Fertile soil is vital to life on this planet, and thanks to the shortsighted consumerist nature of our species, that vitality is slowly being stripped away from right underneath our feet. In places all over the world, deforestation, overfarming, and unsustainable methodologies are sapping the fertile elements of the soil that every creature on Earth needs in order to grow and thrive. Our only chance to affect this rapid change is to enact certain soil conservation methods, many of which can be enacted even in your own backyard.
What causes soil erosion and infertility?
Soil erosion and infertility are caused by a number of negative farming practices. These include slash-and-burn farming methods, which destroy natural vegetation and inevitably strip entire ecosystems of fertile soil, as well as other unsustainable farming methods that use improper chemicals, additives, and even irrigation materials to cause irreconcilable soil damage.
At the same time, deforestation erodes entire swaths of once-fertile forests and jungles, leaving behind dry, dead soil that might eventually turn to deserts. Many global organizations are working to stop these practices and attempting to create sustainable practices for using our natural resources in the right way.
What are some soil conservation methods?
A few tried and true methods exist for farmers that have worked to reduce these negative effects since the very start of human civilization. Terrace farming is usually done on small farms near or around hillsides. This type of farming uses the topography of the land to create ascending levels of arable land that break up space and allow for easier manipulation of water flow. Instead of pooling or washing soil away, irrigation is more efficient and controlled. Terrace farming also creates natural windbreaks.
Contour farming was first invented by the Phoenicians and it acts like terrace farming in many ways — albeit on a smaller scale. The crops are planted up and down, furrowed by different rows and altitudes, to create a better flow of water, thus resulting in less erosion. No-till farming is the last method and it’s an unusual one. Instead of plowing the crops under at the end of the season, the plants are allowed to remain anchored in place until they decompose for the next season. The result is less loose soil and less bare ground, both of which are more exposed to wind and water.
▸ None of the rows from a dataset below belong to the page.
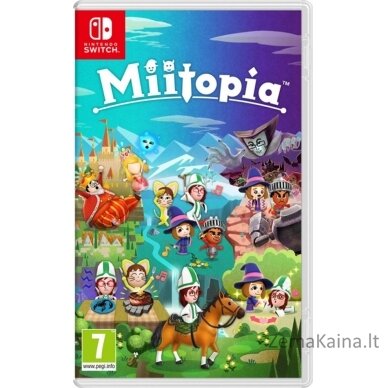 „Miitopia Nintendo Switch“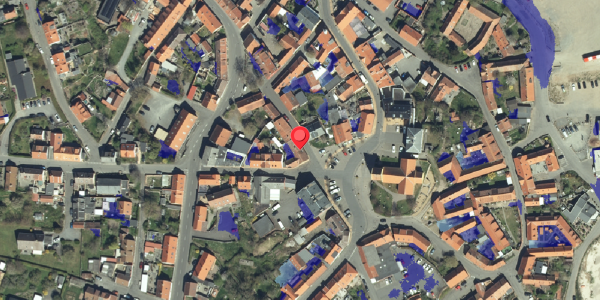 Ekstrem regn på Skolegade 1, 3770 Allinge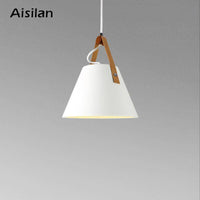 Suspension design LED en métal Creative
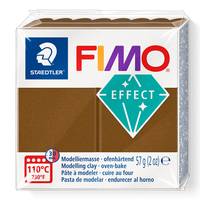 Staedtler FIMO 8010 Metallic, Modellierton, Bronze, Erwachsener, 1 Stück(e), 1 Farben, 110 °C
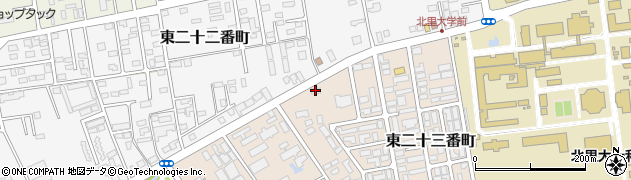 株式会社サンロク　十和田支店周辺の地図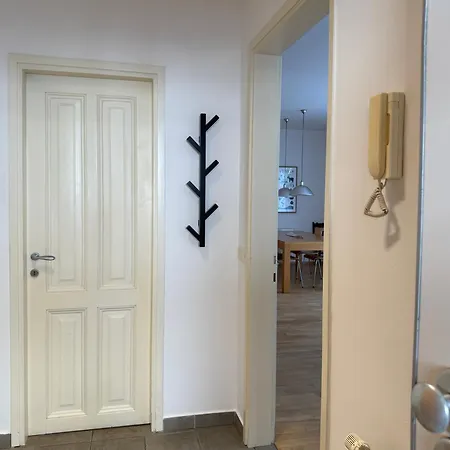 Nest - Terrace & Free Parking Daire *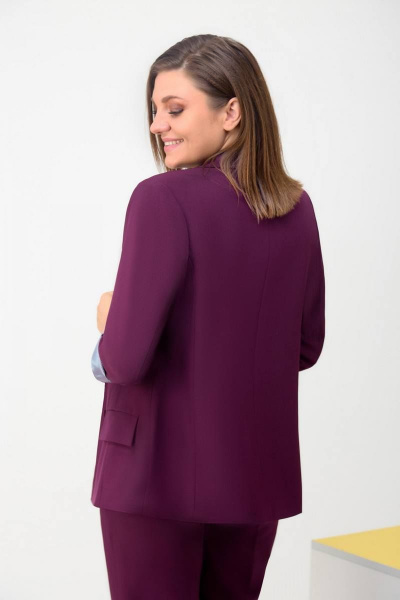 Блуза, брюки, жакет Надин-Н 1929 /1 - фото 4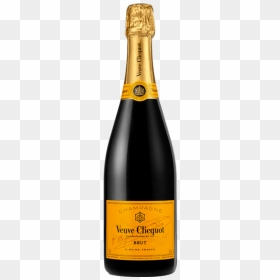 Veuve Clicquot Champagne Brut Yellow Label Ice Letter - Veuve Clicquot, HD Png Download - bottle service png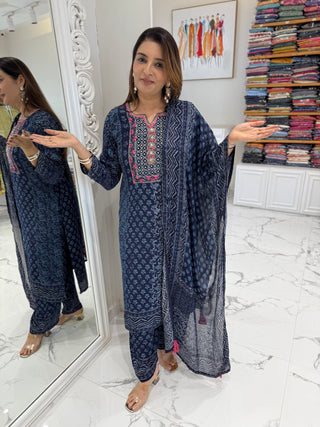 Riya Suit Set - Preetibora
What are some soil conservation methods I can use at home?
Even if you’re not a farmer, there are actually a few things you can do at home to conserve soil. You never know, if you follow these, you might find that your backyard vegetable garden comes in much better in the years to follow.
Break up the ground
If you’re looking to conserve soil in your backyard you can start by reducing impervious surfaces like driveways and patios. Rainwater flows and gains momentum when moving over such surfaces, which means it can erode stream banks and lakeshores as it does so. If you still want to have some stability in your yard, use paving stones rather than concrete slabs. This will allow the water to penetrate the ground more evenly when it rains rather than in great rushes.
Rain gardens and rain barrels
A rain barrel placed beneath a downspout or a gutter drain is a great way to collect the water that runs off your roof. You can then use this water on your lawn and garden rather than running the hose over it, thereby conserving water as well. Another way to collect water that runs off impervious surfaces like roofs and patios is something called a rain garden. This shallow depression in your yard can collect rain and prevent soil erosion. At the same time, you can use it to grow wetland plants, almost like a little pond.
Planting sturdy trees in your backyard will not only help you to create natural windbreaks for your precious soil, but they will also provide countless other benefits to your backyard ecosystem as well. Shade trees provide protection from the sun and homes for wild animals. They help to keep soil firm and draw millions of insects and microorganisms into your yard. Trees can also protect your home from wind damage as well. Shrubs can work as windbreaks too and their root systems will assist in soil cohesion.
How can I practice soil conservation in my areas?
Even if you don’t have a big backyard, you can still help combat soil erosion in your local area. Many wetland areas need assistance these days, either because of pollution, pest control, or soil erosion, and these areas are one of the most effective ways to prevent soil erosion. Wetlands are like natural sponges that absorb rainwater and prevent it from washing the soil away downriver.
You can help wetlands by cleaning them up or donating to causes that do. You can also look into local programs and spread the word about the importance of soil conservation. It’s likely that most of your friends and neighbors don’t even know it’s a problem. Sometimes raising awareness is the first step towards positive change.